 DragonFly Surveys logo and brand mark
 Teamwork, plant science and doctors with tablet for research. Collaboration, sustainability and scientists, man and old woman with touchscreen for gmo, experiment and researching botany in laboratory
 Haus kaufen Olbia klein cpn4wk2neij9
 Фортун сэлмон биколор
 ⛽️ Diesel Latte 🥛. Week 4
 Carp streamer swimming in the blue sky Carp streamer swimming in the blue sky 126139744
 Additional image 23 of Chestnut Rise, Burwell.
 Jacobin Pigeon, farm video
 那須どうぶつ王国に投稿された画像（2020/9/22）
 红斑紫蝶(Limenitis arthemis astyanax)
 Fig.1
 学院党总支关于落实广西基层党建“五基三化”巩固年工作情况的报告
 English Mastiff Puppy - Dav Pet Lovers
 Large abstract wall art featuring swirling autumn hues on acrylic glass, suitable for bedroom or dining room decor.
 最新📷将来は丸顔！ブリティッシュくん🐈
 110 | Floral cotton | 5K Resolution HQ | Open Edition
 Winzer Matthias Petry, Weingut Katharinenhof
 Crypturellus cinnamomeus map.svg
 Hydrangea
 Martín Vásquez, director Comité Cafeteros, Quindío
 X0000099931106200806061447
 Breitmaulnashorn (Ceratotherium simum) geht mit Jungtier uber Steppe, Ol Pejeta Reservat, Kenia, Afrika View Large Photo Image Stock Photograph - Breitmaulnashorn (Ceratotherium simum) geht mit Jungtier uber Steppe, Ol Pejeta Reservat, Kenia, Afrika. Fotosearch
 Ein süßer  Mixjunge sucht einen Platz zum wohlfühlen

Try it:
Which lines above run from the one containing "Crypturellus cinnamomeus map.svg" to the one containing "X0000099931106200806061447"? Give them again exactly, both ends included.

Exercise output:
 Crypturellus cinnamomeus map.svg
 Hydrangea
 Martín Vásquez, director Comité Cafeteros, Quindío
 X0000099931106200806061447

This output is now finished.